*What is being asked*
Output exactly the lines below from the one containing "203 Chickasaw Ln, Loudon, TN 37774" to the last line, both included. Omit pictures.

*Records shown*

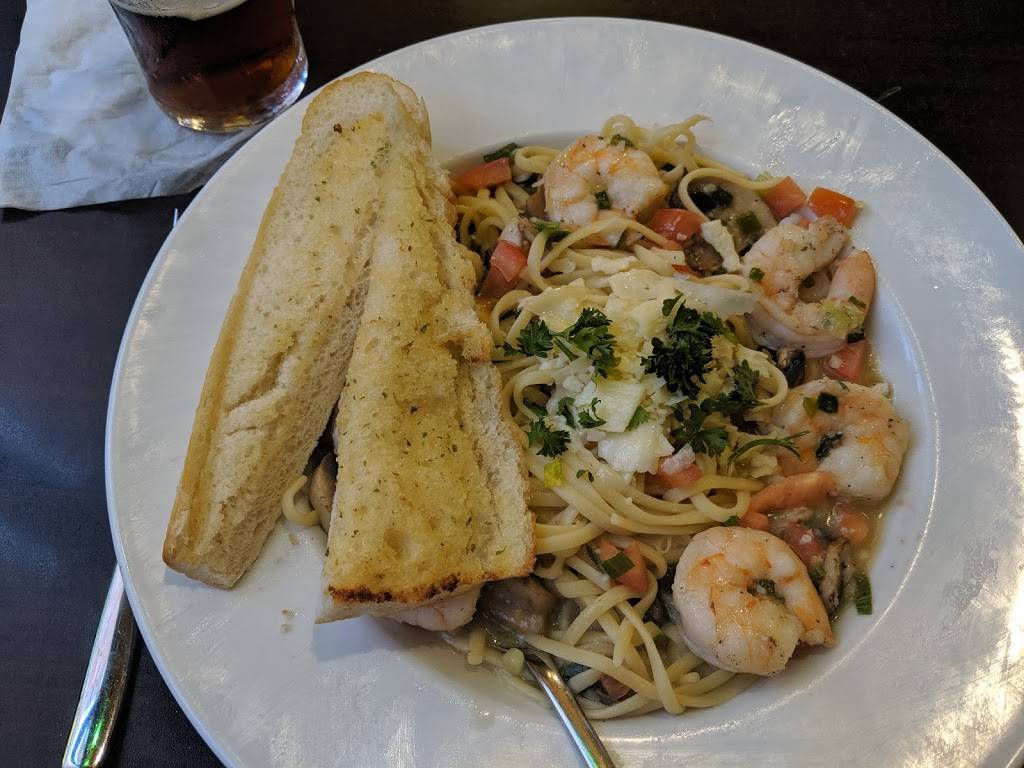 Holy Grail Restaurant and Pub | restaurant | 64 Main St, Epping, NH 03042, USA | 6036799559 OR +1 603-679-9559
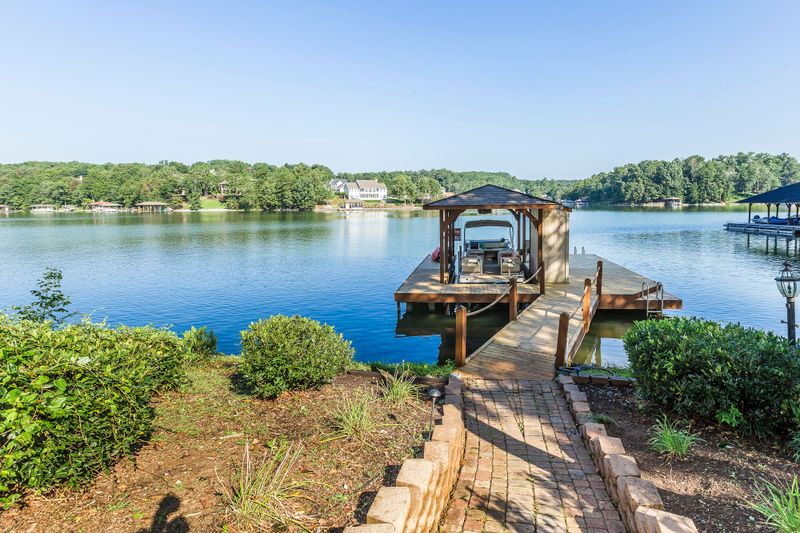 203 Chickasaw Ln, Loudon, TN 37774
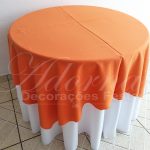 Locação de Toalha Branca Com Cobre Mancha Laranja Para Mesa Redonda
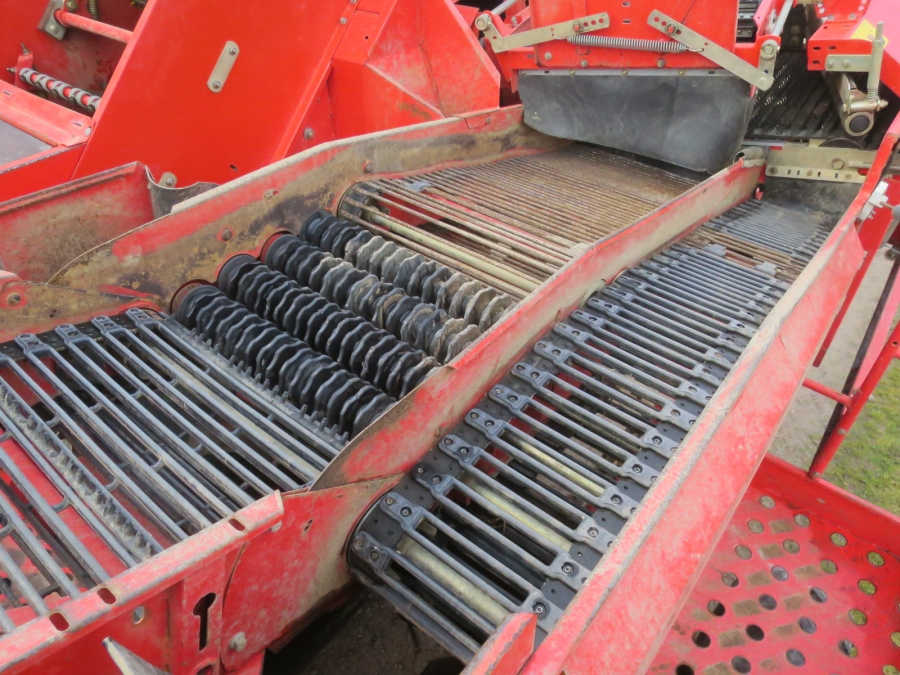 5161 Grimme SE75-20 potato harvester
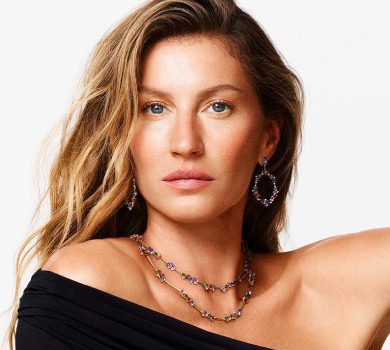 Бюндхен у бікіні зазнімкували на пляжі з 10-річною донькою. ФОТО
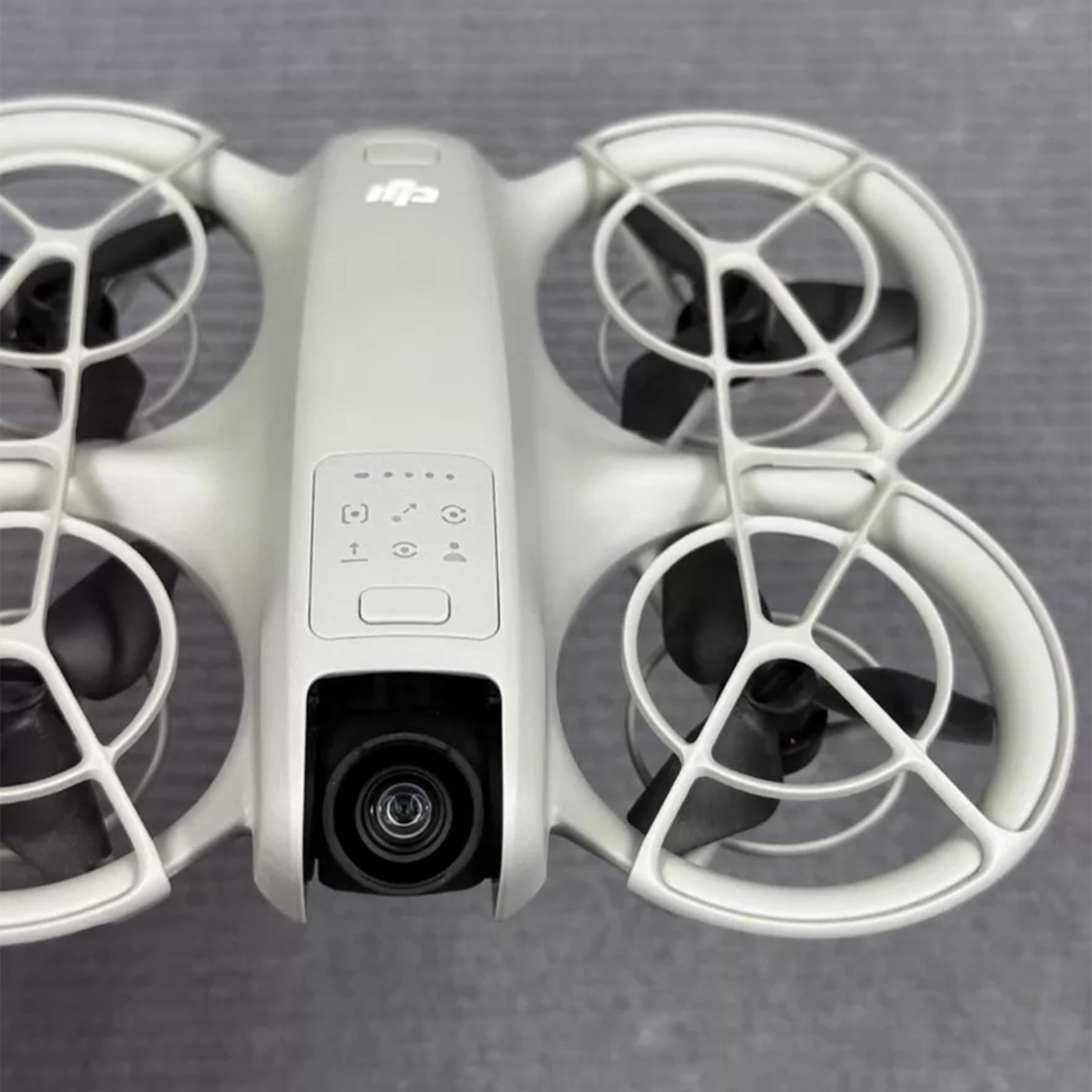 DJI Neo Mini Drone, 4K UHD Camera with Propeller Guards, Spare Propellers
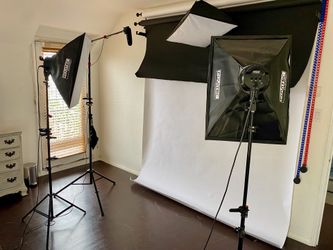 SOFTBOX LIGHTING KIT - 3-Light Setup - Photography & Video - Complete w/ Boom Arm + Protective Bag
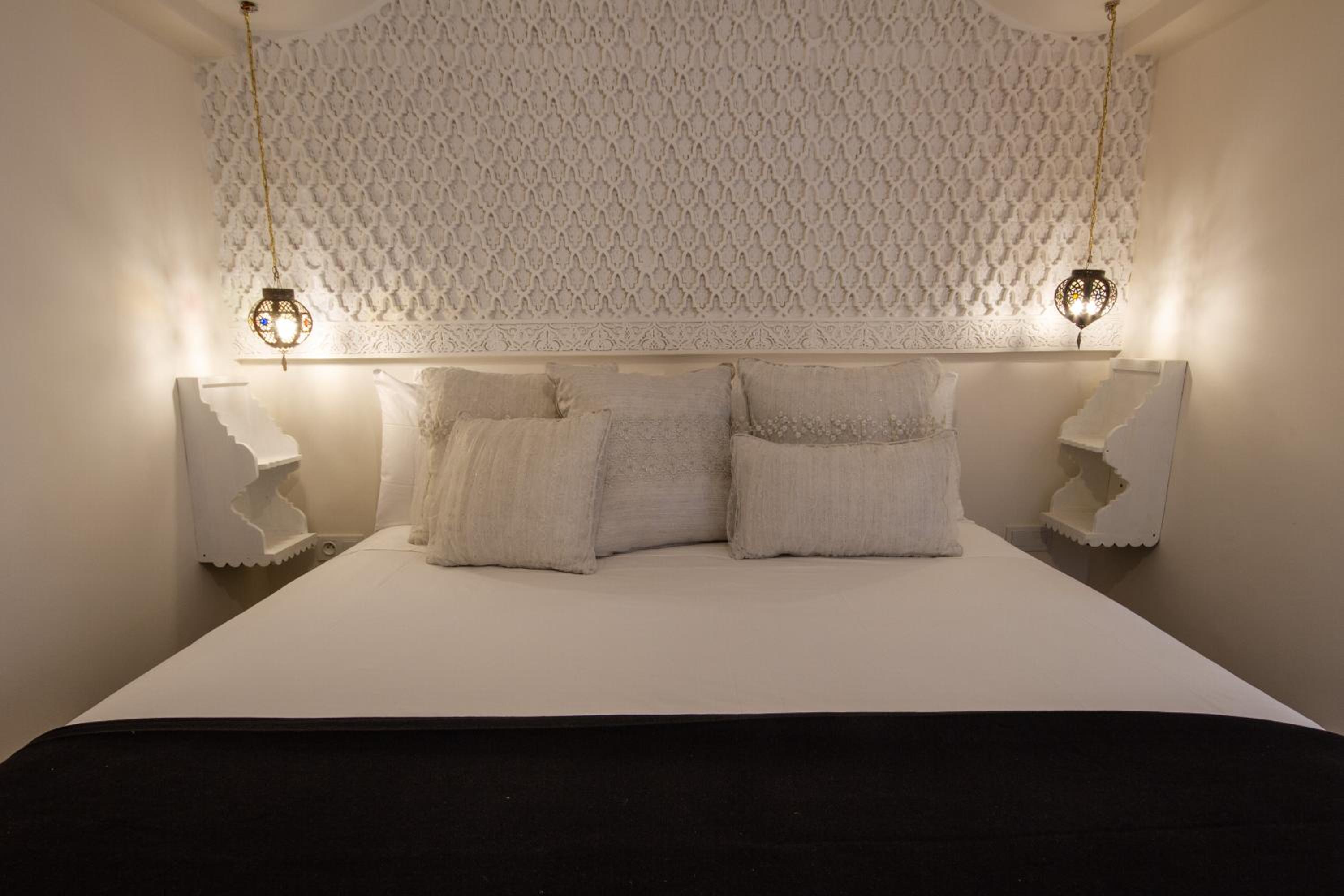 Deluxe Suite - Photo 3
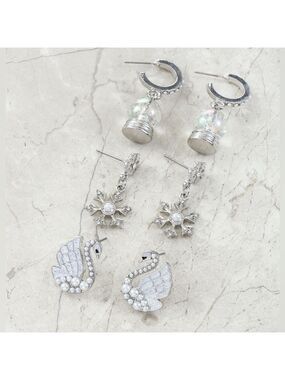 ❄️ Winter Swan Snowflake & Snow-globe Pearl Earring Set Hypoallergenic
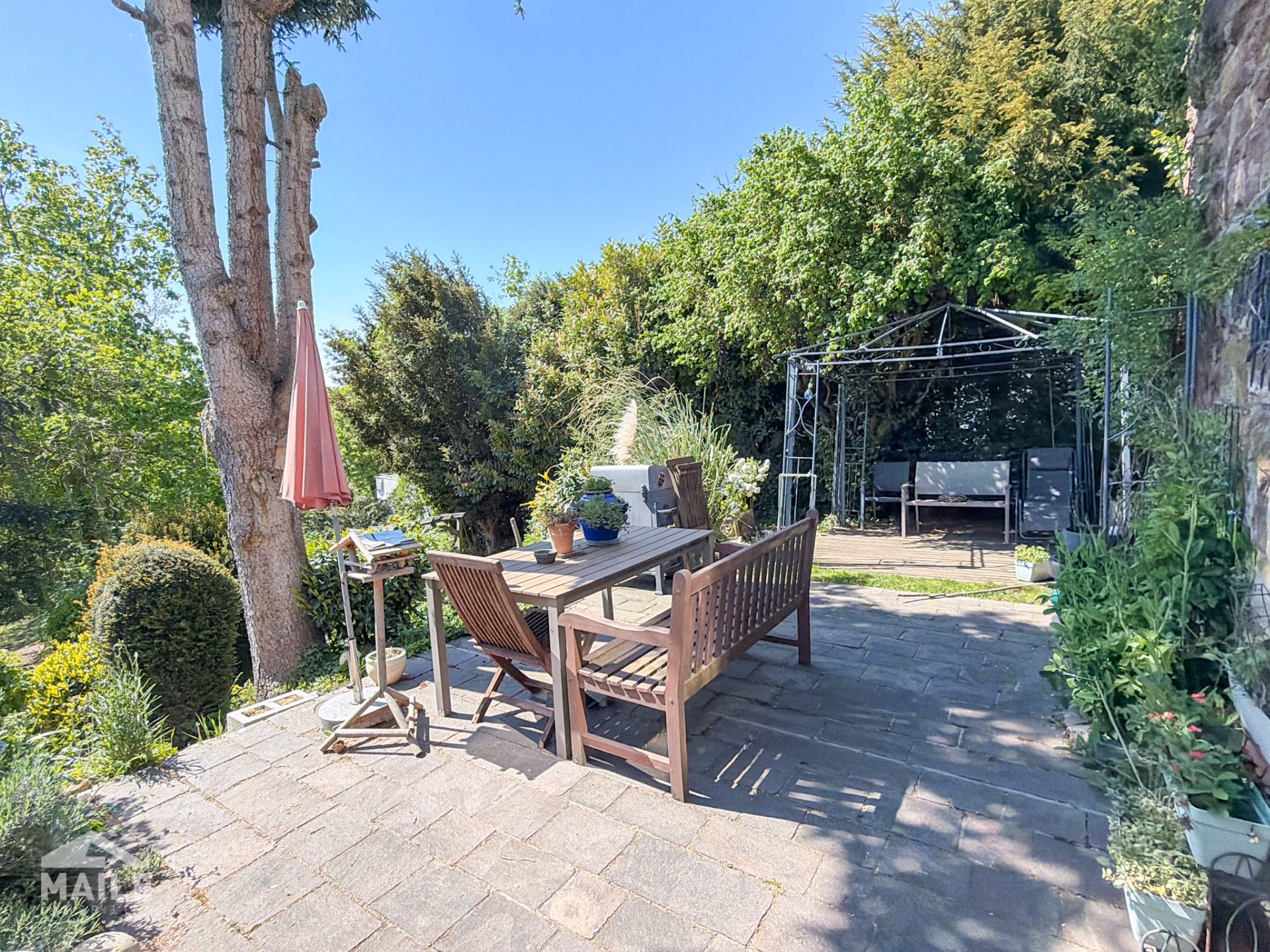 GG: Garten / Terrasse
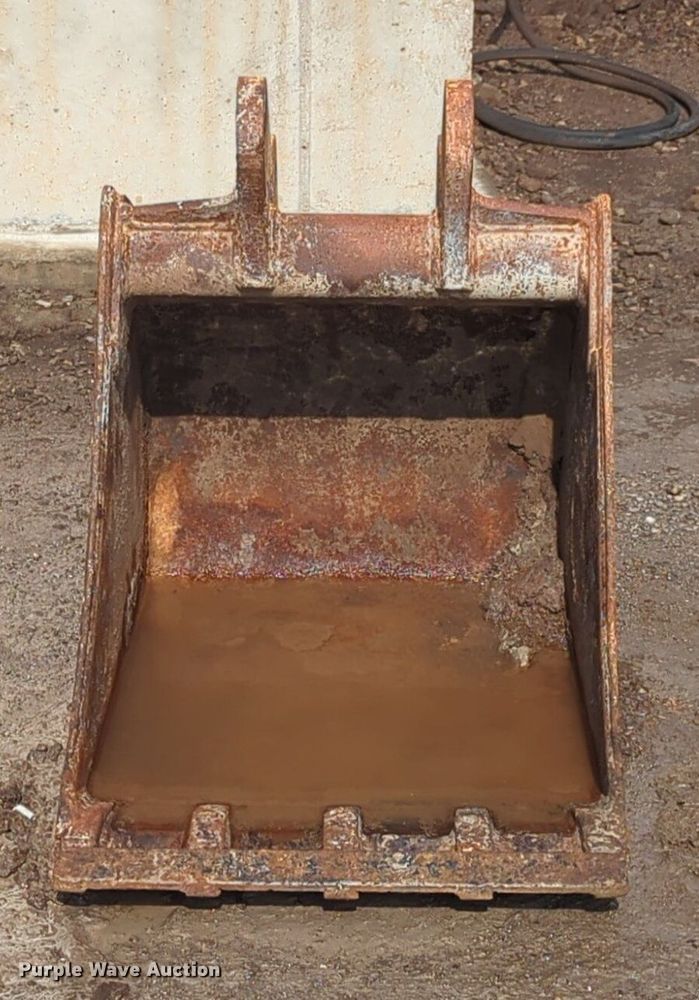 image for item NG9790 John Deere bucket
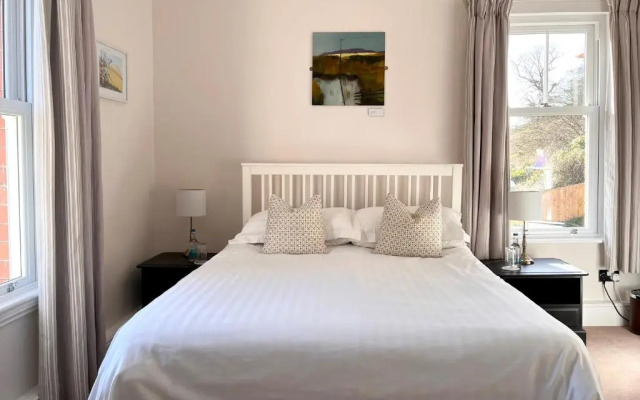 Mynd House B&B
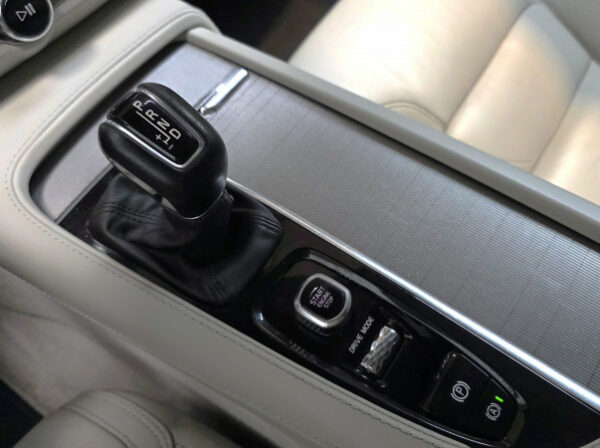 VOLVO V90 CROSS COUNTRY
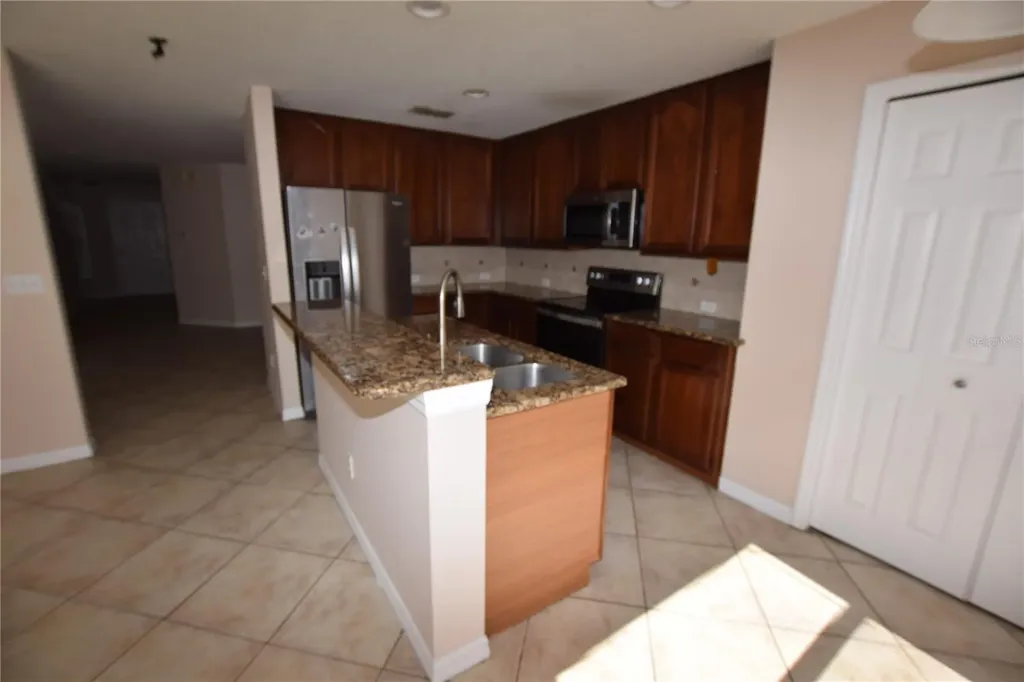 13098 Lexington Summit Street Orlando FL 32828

*Your response*
 203 Chickasaw Ln, Loudon, TN 37774
 Locação de Toalha Branca Com Cobre Mancha Laranja Para Mesa Redonda
 5161 Grimme SE75-20 potato harvester
 Бюндхен у бікіні зазнімкували на пляжі з 10-річною донькою. ФОТО
 DJI Neo Mini Drone, 4K UHD Camera with Propeller Guards, Spare Propellers
 SOFTBOX LIGHTING KIT - 3-Light Setup - Photography & Video - Complete w/ Boom Arm + Protective Bag
 Deluxe Suite - Photo 3
 ❄️ Winter Swan Snowflake & Snow-globe Pearl Earring Set Hypoallergenic
 GG: Garten / Terrasse
 image for item NG9790 John Deere bucket
 Mynd House B&B
 VOLVO V90 CROSS COUNTRY
 13098 Lexington Summit Street Orlando FL 32828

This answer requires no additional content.